| Task item |
Your answer should show every line of the material below that includes "first".

** Material provided follows **

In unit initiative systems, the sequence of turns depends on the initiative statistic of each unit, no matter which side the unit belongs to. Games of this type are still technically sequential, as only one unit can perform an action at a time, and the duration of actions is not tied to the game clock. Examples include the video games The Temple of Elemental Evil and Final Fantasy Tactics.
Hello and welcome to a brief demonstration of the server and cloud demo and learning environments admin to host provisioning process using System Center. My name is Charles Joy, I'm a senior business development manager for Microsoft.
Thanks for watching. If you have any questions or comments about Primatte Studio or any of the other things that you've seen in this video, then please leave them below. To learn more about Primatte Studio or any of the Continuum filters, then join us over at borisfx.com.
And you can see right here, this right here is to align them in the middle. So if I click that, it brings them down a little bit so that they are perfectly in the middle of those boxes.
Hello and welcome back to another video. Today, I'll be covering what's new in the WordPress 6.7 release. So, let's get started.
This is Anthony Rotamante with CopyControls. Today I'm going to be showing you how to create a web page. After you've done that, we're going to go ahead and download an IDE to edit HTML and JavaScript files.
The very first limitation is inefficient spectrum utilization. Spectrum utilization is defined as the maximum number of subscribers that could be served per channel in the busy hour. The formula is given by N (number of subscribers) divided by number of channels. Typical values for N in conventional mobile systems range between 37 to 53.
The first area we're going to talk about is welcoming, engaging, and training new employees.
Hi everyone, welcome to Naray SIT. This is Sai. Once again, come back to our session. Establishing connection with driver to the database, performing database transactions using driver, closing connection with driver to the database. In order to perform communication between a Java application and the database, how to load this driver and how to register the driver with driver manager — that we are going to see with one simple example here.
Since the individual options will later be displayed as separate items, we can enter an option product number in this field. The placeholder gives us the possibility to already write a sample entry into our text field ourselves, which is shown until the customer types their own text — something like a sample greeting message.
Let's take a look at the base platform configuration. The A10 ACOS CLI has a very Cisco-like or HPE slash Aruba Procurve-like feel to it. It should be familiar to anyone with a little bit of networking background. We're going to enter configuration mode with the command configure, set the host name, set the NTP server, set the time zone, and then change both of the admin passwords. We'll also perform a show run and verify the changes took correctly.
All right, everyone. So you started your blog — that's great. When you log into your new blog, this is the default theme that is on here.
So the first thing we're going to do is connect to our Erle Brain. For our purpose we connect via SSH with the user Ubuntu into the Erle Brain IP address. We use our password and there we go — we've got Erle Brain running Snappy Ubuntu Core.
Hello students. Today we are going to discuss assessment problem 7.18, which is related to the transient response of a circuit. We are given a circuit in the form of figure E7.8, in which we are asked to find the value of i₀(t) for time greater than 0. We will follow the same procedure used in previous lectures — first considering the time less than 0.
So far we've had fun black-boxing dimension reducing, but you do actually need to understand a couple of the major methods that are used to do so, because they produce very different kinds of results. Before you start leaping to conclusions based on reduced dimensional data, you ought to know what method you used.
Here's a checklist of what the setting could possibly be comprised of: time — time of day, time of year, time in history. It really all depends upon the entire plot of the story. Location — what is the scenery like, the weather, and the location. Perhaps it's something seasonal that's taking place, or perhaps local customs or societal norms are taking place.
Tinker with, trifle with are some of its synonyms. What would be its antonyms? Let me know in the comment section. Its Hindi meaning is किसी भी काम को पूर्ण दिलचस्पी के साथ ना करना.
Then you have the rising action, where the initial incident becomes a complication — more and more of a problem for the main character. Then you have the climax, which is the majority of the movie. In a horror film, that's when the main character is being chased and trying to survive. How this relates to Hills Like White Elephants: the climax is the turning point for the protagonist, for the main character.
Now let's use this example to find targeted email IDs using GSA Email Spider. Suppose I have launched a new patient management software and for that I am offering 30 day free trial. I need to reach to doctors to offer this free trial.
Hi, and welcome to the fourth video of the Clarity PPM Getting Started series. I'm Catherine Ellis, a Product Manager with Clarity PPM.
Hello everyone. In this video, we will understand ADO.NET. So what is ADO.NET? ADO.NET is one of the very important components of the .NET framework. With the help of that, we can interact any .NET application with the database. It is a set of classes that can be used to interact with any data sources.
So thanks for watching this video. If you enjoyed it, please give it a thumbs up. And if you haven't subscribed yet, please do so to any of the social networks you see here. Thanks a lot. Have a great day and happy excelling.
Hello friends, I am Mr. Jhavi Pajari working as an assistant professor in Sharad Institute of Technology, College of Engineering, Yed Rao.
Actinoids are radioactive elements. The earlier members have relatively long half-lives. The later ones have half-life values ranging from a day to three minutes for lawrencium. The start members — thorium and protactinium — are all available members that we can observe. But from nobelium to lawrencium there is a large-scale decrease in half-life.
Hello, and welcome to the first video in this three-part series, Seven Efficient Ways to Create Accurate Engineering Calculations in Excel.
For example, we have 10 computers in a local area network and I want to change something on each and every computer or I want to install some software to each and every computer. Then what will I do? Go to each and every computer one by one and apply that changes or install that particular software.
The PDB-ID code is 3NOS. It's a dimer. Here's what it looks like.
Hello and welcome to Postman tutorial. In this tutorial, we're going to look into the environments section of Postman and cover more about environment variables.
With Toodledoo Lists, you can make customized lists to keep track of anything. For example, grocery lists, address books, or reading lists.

** End of Material provided **

| Answer area |
The very first limitation is inefficient spectrum utilization. Spectrum utilization is defined as the maximum number of subscribers that could be served per channel in the busy hour. The formula is given by N (number of subscribers) divided by number of channels. Typical values for N in conventional mobile systems range between 37 to 53.
The first area we're going to talk about is welcoming, engaging, and training new employees.
So the first thing we're going to do is connect to our Erle Brain. For our purpose we connect via SSH with the user Ubuntu into the Erle Brain IP address. We use our password and there we go — we've got Erle Brain running Snappy Ubuntu Core.
Hello students. Today we are going to discuss assessment problem 7.18, which is related to the transient response of a circuit. We are given a circuit in the form of figure E7.8, in which we are asked to find the value of i₀(t) for time greater than 0. We will follow the same procedure used in previous lectures — first considering the time less than 0.
Hello, and welcome to the first video in this three-part series, Seven Efficient Ways to Create Accurate Engineering Calculations in Excel.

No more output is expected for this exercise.